By now, many of us have heard the name Mahsa Amini. She was a 22-year-old Iranian woman who was accused of violating the country’s dress code for women and was arrested in Tehran by the Guidance Patrol, Iran’s “morality police.” She died in police custody. Over the past two weeks, protests have spread across the country, and many have died due to rising police retaliation. Demonstrating in this way could be existential for those involved, but Amini’s death has struck a chord with the country. According to Reuters, at least 83 people have been killed, and authorities have arrested hundreds of people. The rallying cry, originally a Kurdish slogan, is “Woman, Life, Freedom.”
Amini was visiting Tehran with her family from Iran’s northwest Kurdistan Province, which adds a layer of complexity to this case as Kurds are an ethnic minority in Iran. Protests began with outrage over Amini's death; the abuse she faced was the last straw.

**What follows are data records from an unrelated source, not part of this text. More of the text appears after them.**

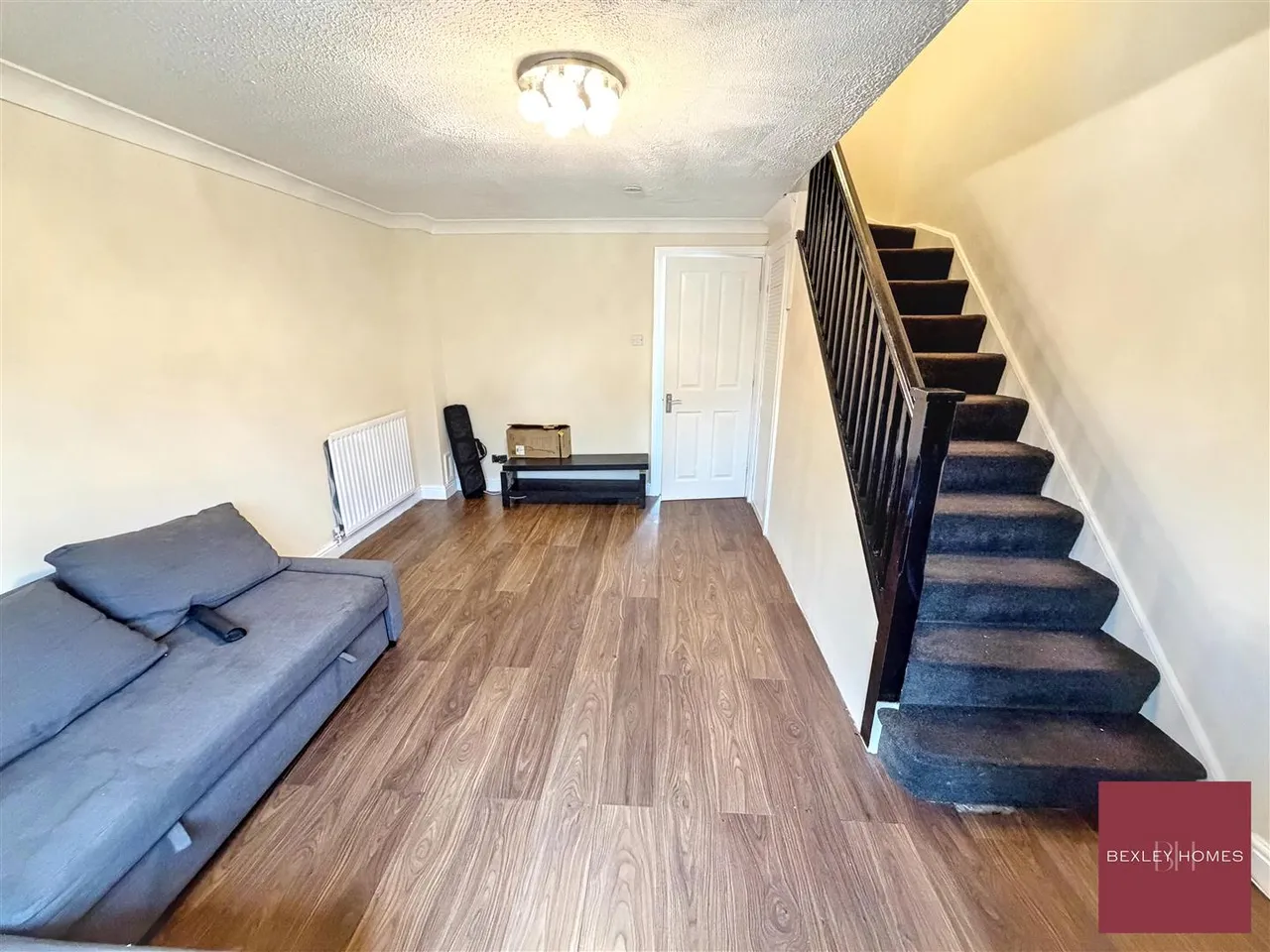 2 bed house to rent, Sandpiper Drive, Erith, DA8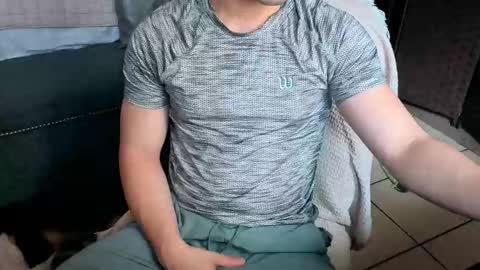 Snapshot of nobudget06 chatting on October 19, 5:28 pm nobudget06 online show from October 19, 5:28 pm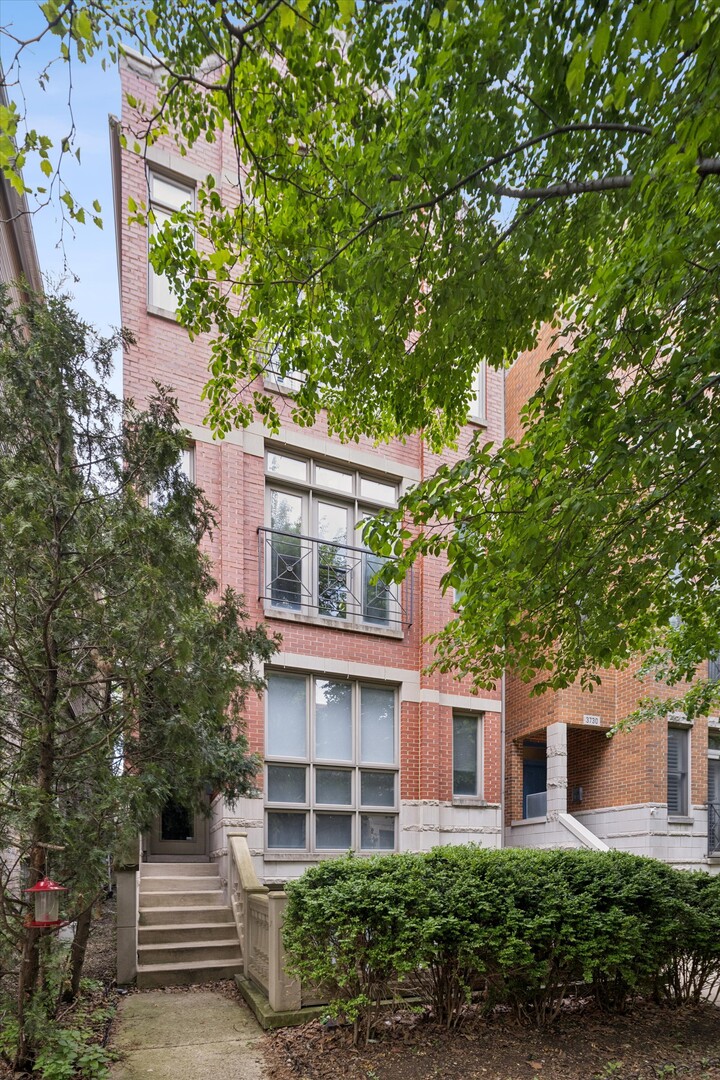 3728 North Kenmore Avenue Chicago IL 60613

However, the demonstrations challenging the regime have united Iranians from all walks of life. The protests have grown in both size and meaning, with protestors citing their reasons for joining as issues like political repression and economic strife.
Because participants' have gone beyond solely speaking out against religious laws, there are many angles to examine the nation’s protests through. I’ve been particularly interested in the bravery of the country’s women, young people and students who have organized and led many of the demonstrations. Putting one’s body on the line is the ultimate resistance, especially under such dire conditions as the death toll rises and the Iranian authorities become increasingly violent. This week, I have recommendations for a few reads from Iranian women and on global feminism.
By Ava Homa
Ava Homa’s debut novel is one of the first books written in English by a female Kurdish author. It’s an expansive, sharp story about a young Kurdish woman named Leila who lives in Iran. She’s a filmmaker hoping to share her community’s stories with the world. Leila’s father, like the writer’s, was imprisoned when she was a child. It’s not long before the same happens to her brother because of his political views. Once Leila launches a campaign to find her brother, she realizes that she, too, is at risk. This quote from a friend of the protagonist sums up the heart of the novel and, perhaps, gets at the protests Iran is currently facing: “The truth is that they really don’t want to kill us all… The end of racism and other fears will be the end of dictators. Our weapons may look like toys before their artillery, but what we stand for scares the hell out of them.” The story follows Leila as she tries to save her brother from execution, all the while fighting oppression twice over: first because she is Kurdish, second because she is female.
By Kumari Jayawardena
“The countries dealt with have one factor in common: they have either been directly subjugated to aggression and domination by imperial powers… or indirectly manipulated into serving the interests of imperialism,” says Jayawardena in the introduction to this book. The classic feminist text is worth revisiting, especially for those of us who live in the West. It’s an academic read surveying women’s movements of the 19th and 20th centuries in Turkey, Egypt, Iran, India, Sri Lanka, Indonesia, the Philippines, China, Vietnam, Korea and Japan. And it’s an important reframing of early resistance to gender-based oppression. The book was first published over three decades ago, but it’s still useful, especially for reference or deeper study into global feminist movements. Jayawardena tells the story of revolution through the lives of people who engaged in early feminism and equality movements, and the book shines in its narrative portions.
Translated by Dick Davis
This is a compilation of poetry from 83 Persian women from the 10th century to the present day. It’s a great read if you are looking to engage with Persian culture—poetry is one of their greatest traditions. Each poem in this collection is prefaced by a short, biographical note. These offerings are special, allowing you into the world of the poet. Uniquely, the poems serve as a way of understanding history. If you read closely, you’ll see changes in tone, theme and upbringing of the authors. One of my favorites is from Baligheh-ye Shirazi from the nineteenth century. Not much is known about her, other than that she was likely from Shiraz, and her poem is short, slightly mysterious, and sweet. “At night a dog sleeps in your alleyway / By day, the sunlight kisses where he lay.”